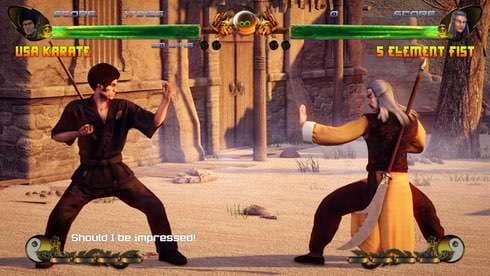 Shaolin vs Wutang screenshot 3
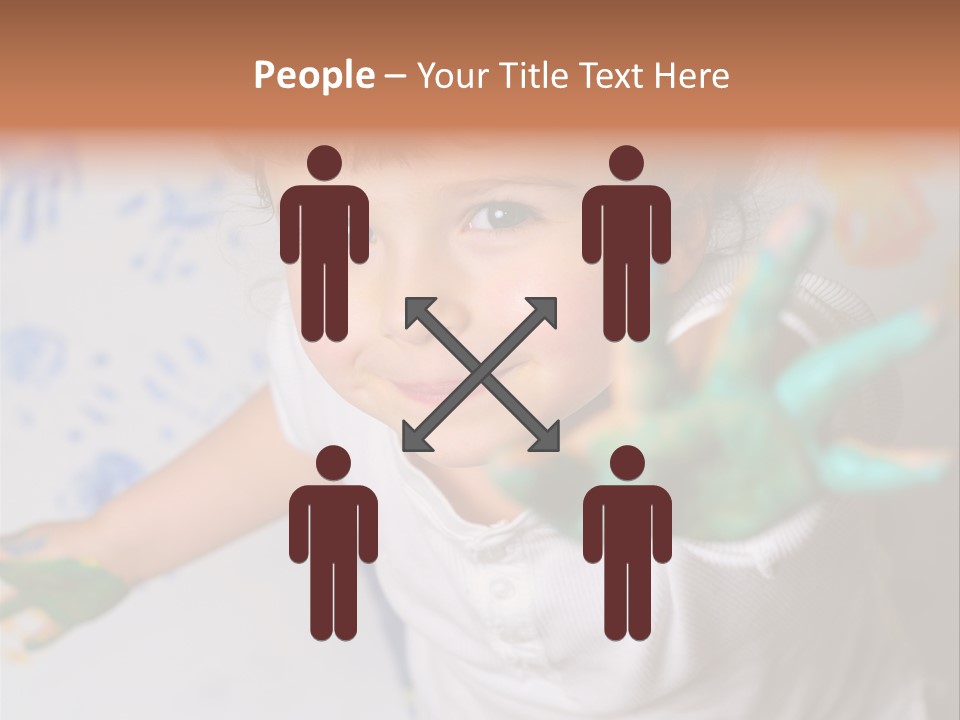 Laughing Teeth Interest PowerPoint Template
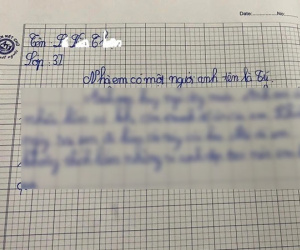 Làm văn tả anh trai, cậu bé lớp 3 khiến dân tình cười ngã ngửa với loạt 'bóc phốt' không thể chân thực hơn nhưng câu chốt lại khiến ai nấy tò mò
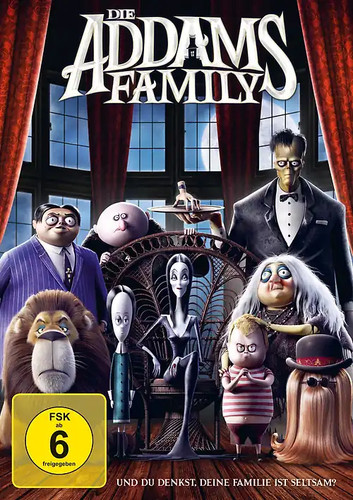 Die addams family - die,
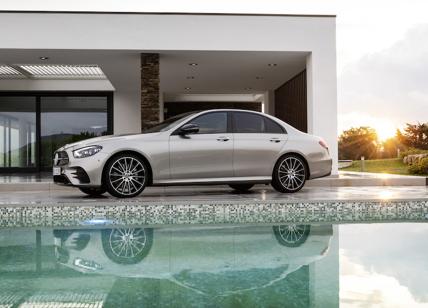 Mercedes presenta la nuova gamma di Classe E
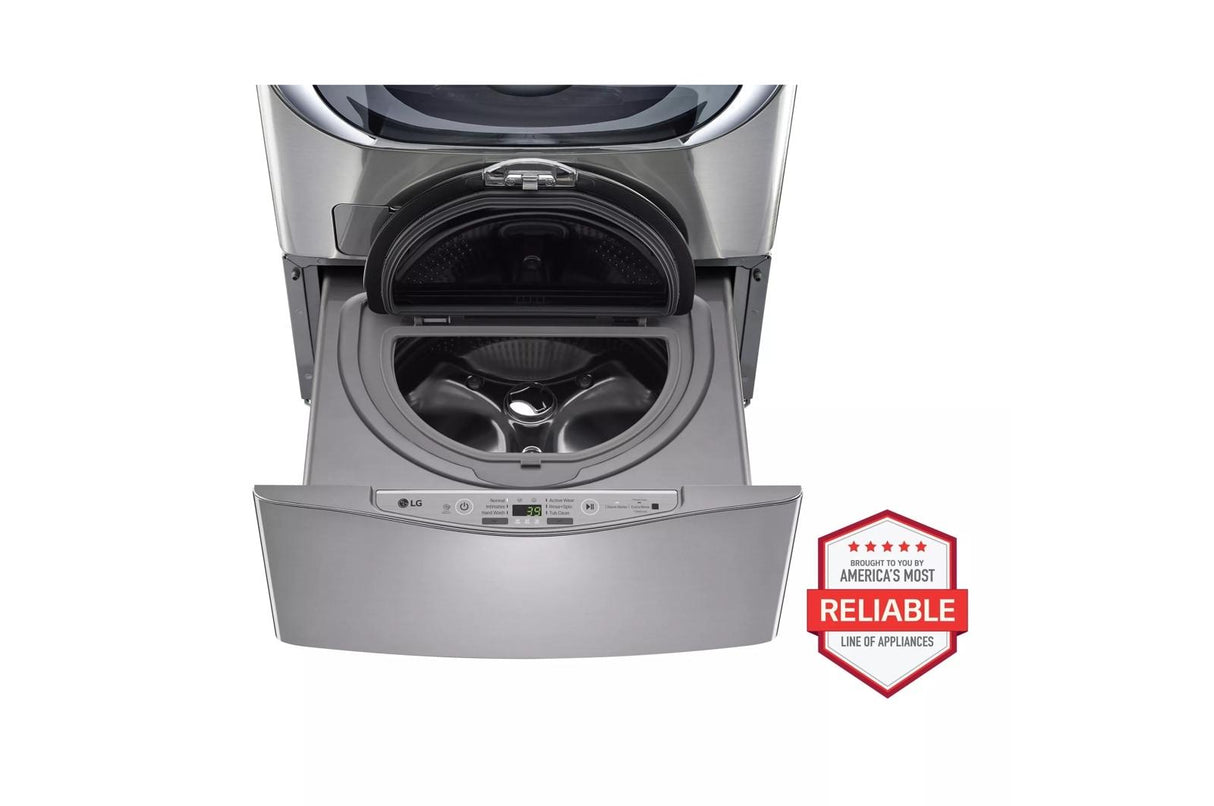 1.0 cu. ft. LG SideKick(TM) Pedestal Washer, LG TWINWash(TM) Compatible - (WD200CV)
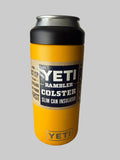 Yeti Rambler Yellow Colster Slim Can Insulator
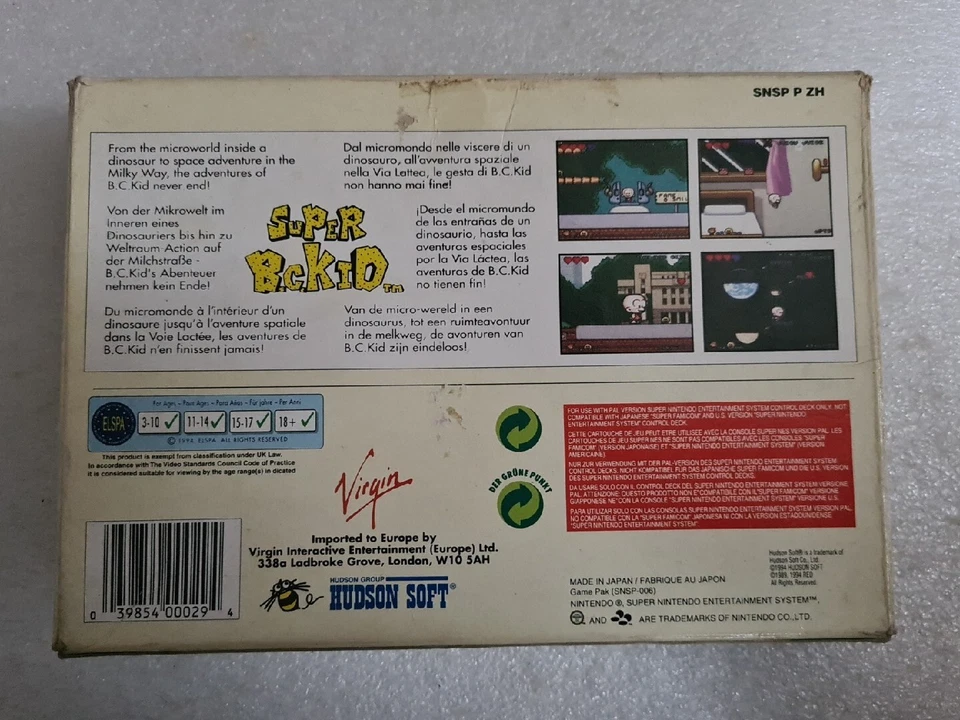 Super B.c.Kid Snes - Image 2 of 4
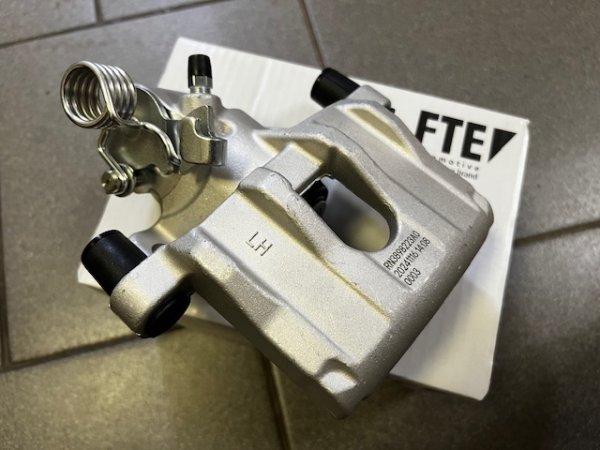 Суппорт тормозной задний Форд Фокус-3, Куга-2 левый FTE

◆ ◆ ◆ ◆

> EXERCISE DIRECTIONS:
Take the lines from the one that contains "Làm văn tả anh" down to the last line of the listing above, both included, and set them down exactly, leaving out pictures.

> SOLUTION FOR THIS PROBLEM:
 Làm văn tả anh trai, cậu bé lớp 3 khiến dân tình cười ngã ngửa với loạt 'bóc phốt' không thể chân thực hơn nhưng câu chốt lại khiến ai nấy tò mò
 Die addams family - die,
 Mercedes presenta la nuova gamma di Classe E
 1.0 cu. ft. LG SideKick(TM) Pedestal Washer, LG TWINWash(TM) Compatible - (WD200CV)
 Yeti Rambler Yellow Colster Slim Can Insulator
 Super B.c.Kid Snes - Image 2 of 4
 Суппорт тормозной задний Форд Фокус-3, Куга-2 левый FTE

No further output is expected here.